Welcome to Regression Alert, your weekly guide to using regression to predict the future with uncanny accuracy.
For those who are new to the feature, here's the deal: every week, I dive into the topic of regression to the mean. Sometimes I'll explain what it really is, why you hear so much about it, and how you can harness its power for yourself. Sometimes I'll give some practical examples of regression at work.
In weeks where I'm giving practical examples, I will select a metric to focus on. I'll rank all players in the league according to that metric and separate the top players into Group A and the bottom players into Group B. I will verify that the players in Group A have outscored the players in Group B to that point in the season. And then I will predict that, by the magic of regression, Group B will outscore Group A going forward.

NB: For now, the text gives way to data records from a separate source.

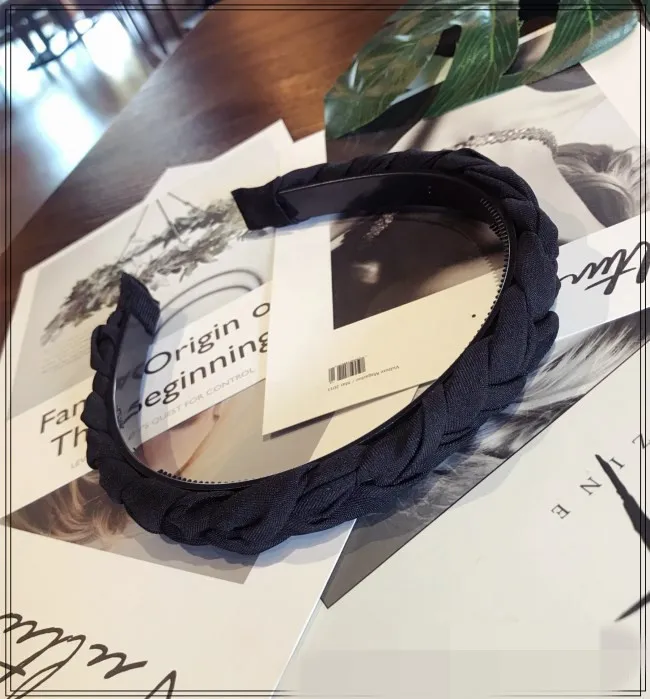 black Модные Женские однотонные плетеные твист повязки для волос элегантные пластиковые обручи простые винтажные ручной работы аксессуары для волос в виде тюрбана - Цвет: black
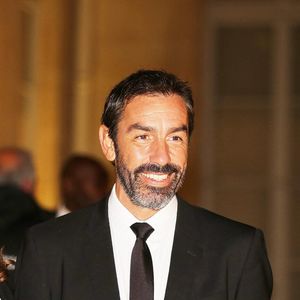 Robert Pirès et sa femme Jessica - Arrivées au dîner des 50 ans du Variétés club de France au palais de l'Elysée à Paris le 14 octobre 2021.

© Panoramic / Bestimage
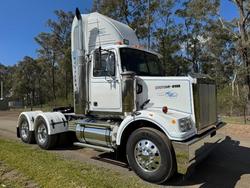 2007 Western Star
4800Fx, Cat C15 500Hp, 18Sp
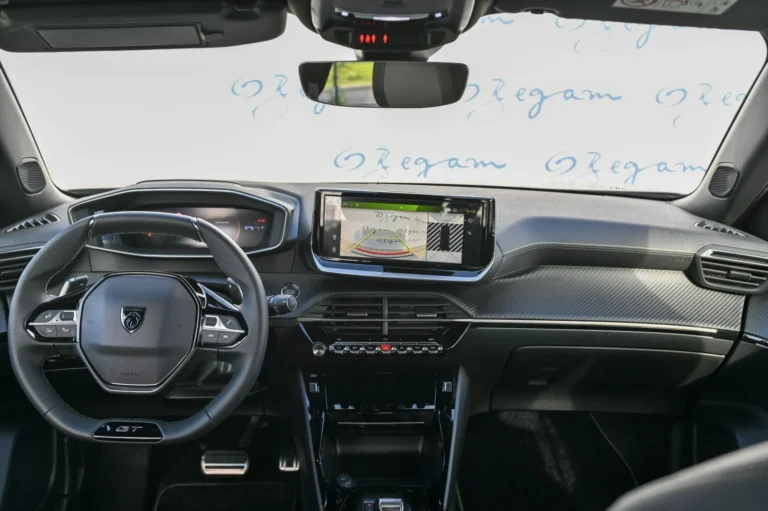 Peugeot 2008 GT Hybrid 145k e-DCS6 MHEV | Begam Trnava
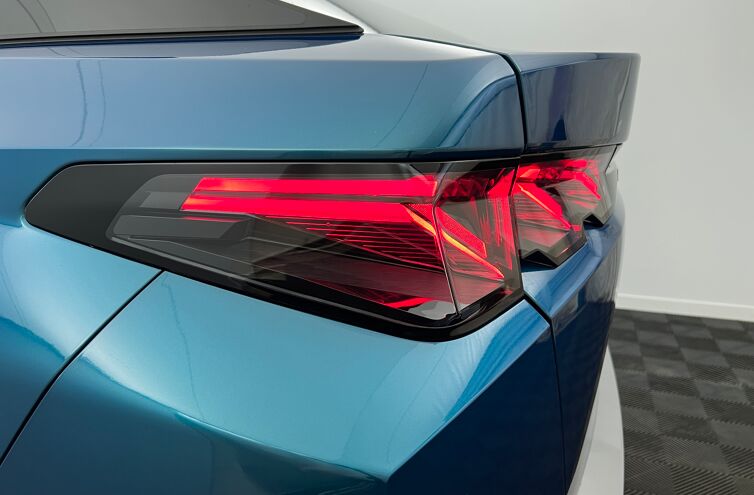 PEUGEOT 3008 SUV Hybride Essence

Crucially, I don't get to pick my samples (other than choosing which metric to focus on). If I'm looking at receivers and Cooper Kupp is one of the top performers in my sample, then Cooper Kupp goes into Group A and may the fantasy gods show mercy on my predictions.
Most importantly, because predictions mean nothing without accountability, I track the results of my predictions over the course of the season and highlight when they prove correct and also when they prove incorrect. At the end of last season, I provided a recap of the first half-decade of Regression Alert's predictions. The executive summary is we have a 32-7 lifetime record, which is an 82% success rate.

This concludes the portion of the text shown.